Generally, inflation is leading to devaluation of the currency, which leads to inconsistent fiscal policy. The exchange rate is unsustainable. They need to change course, but can’t devalue. The exchange rate subsidy doesn’t help their constituents-it just gives fiscal rents to importers. Inflation is up because they are just printing money instead of devaluing the currency. There are arbitrage opportunities with devaluation while the politicians get richer. The problem is as import prices go up, demand goes down, to there is no politically expedient solution.

The government also doesn’t recognize the magnitude of the level of debt. Declining oil prices make things difficult for Venezuela. They must address these imbalances.

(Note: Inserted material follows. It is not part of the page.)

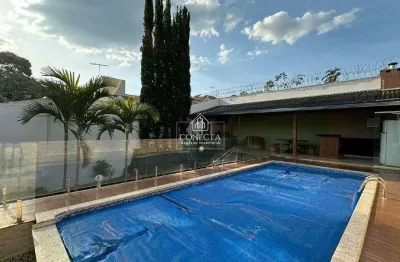 Casa estilo sobrado a venda em uberlândia, cidade jardim, 4 dormitórios, 2 suítes, area de lazer com piscina, churrasqueira, 3 vaga
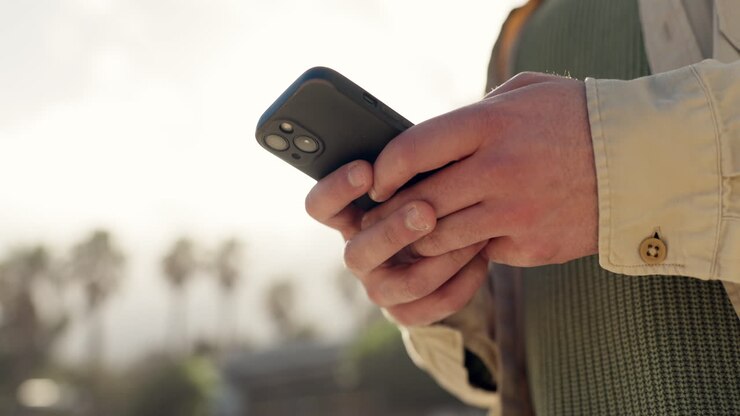 Telefono, mani e persona che digita all'aperto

It’s tough to get money out of Venezuela these days. There is a black market, but that’s dicey. Auto makers there have fallen off a cliff. Unfortunately companies can no longer repatriate profits & pay for imports. Strategic & essential industries can get preferential access to currency.

Another problem is with an overvalued currency, you can’t tell which are bad imports. The system is impossible to administer. The exchange rate is limited to maintain control, like in Cuba.

There is a difference between a low income economy like Cuba’s, & Venezuela. Macroeconomic distortion has simply led to financial disintermediation. They must address all imbalances-devaluation is not enough. Venezuela won’t necessarily default-that probability is only 10%, but they are suffering a death by 1000 cuts. If the price of oil destabilizes, watch out. Oil production has declined, but it’s unsure if they’ve reached the bottom. Consumption is up, but that’s distorted.

Despite a devaluation a year ago, nothing happened. It’s not likely to get better. Capital flight is $20M/year. They need a more flexible exchange rate system.

Venezuela is rated 1 notch below Argentina in credit ratings. Both have balance of payments problems. Venezuela is more combustible.

How long this can go on is a political & economic question. Regulation is no good in a volatile economy. Argentina tried & failed. Another problem is you can’t increase spending after a devaluation.